In order to achieve this goal, dairy producers can add up to seven kilograms (15 lbs.) of water per lactating head into a TMR diet to bring its moisture content into a 50 per cent optimum moisture range. For example, adding 10 lbs. of water to a TMR of 40 per cent moisture (with very dry corn silage) and fed to lactating dairy cows at 80 lbs. per head per day can increase this dairy diet’s moisture content to a more plausible 47 per cent.
Moisture testing methods
Whether dealing with ideal, wet or dry corn silage, the dairy producer should choose the best method that works for them in determining the moisture content of post-ensiled corn silage samples. While there are many ways to test moisture content in feeds, I like the two easy-to-do approaches; namely, using a Koster tester or by microwave oven (MV).
The moisture-content procedures for both methods are virtually identical:
- Weigh out a 100 to 500 grams corn silage sample representative of harvested fields on a gram-weighing scale.
- Corn silage samples can be dried by either the Koster tester or microwave oven.
- Re-weigh dried out corn silage samples and,
- Calculate moisture results; per cent moisture content = ((Initial sample wt. – Dried sample wt.)/Initial sample wt.) x 100. If a 500-gram corn silage sample is dried to 184 grams, its moisture content would be 36.8 per cent.
The electric Koster dryer is specifically designed for drying forages and wet feeds, and determining their moisture content.

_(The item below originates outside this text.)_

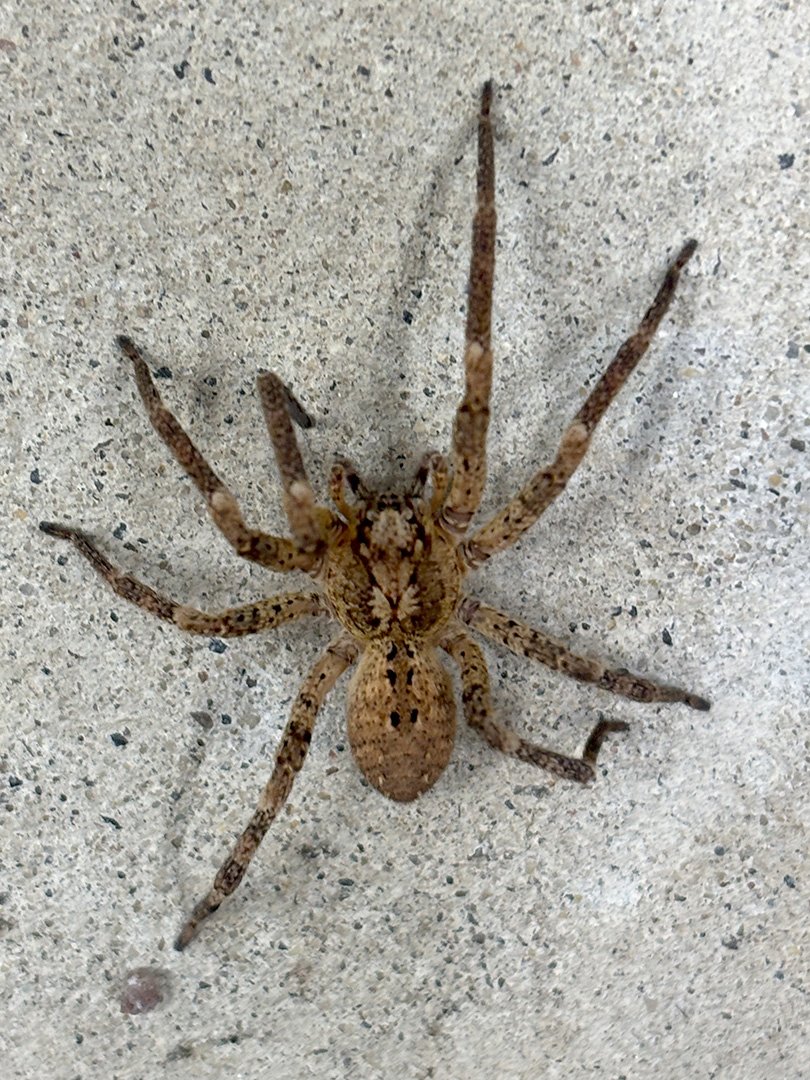 House spider 07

This apparatus has a heating element and built-in fan to blow hot air through the feed sample placed on a built-in screen. Its drying procedure takes about 20 to 25 minutes. Sample loss tends to be a small problem in using the Koster tester.

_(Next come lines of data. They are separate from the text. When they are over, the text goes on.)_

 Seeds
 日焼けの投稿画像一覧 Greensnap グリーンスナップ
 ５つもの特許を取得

The common microwave oven provides a quick means of also drying samples. Its greatest challenge is to avoid burning samples, when they get crispy (it’s recommended to place a small amount of water in oven). MV drying time is about five to 10 minutes for most wet feeds. Regardless of the method it sometimes takes a bit of practice to refine procedures in order to achieve the most accurate moisture results.
On occasion some dairy producers might find the tested moisture of their current corn silage is higher than expected. That’s because most whole corn plants despite looking brown and wilted when chopped often contain considerable moisture, because their numerous ears contain more water than expected.
Some dairy producers were proactive and took pre-harvest corn silage samples. They did this by a sweep of a harvester or yard-cutter, which allowed them to possibly delay harvest and allowed standing corn plants to wilt further. This corrective opportunity tends to avoid excessively wet corn silage (greater than 75-80 per cent moisture) going into the bunk; which contributes to a greater loss of nutrients during the ensiling, storage and feed-out processes.
We should still moisture test more samples of corn silage when the bunk or bags are finally opened. This is the corn silage that will be fed to the lactating dairy cows and most dairy diets. The feed value of corn silage will be impacted by its moisture content (as demonstrated above). It is important to know the actual moisture content of incorporated corn silage in order to formulate a well-balanced dairy diet.
Periodically, we should test the moisture content of the final TMR diet, so we can make further adjustments, so milk production by lactating cows is optimized.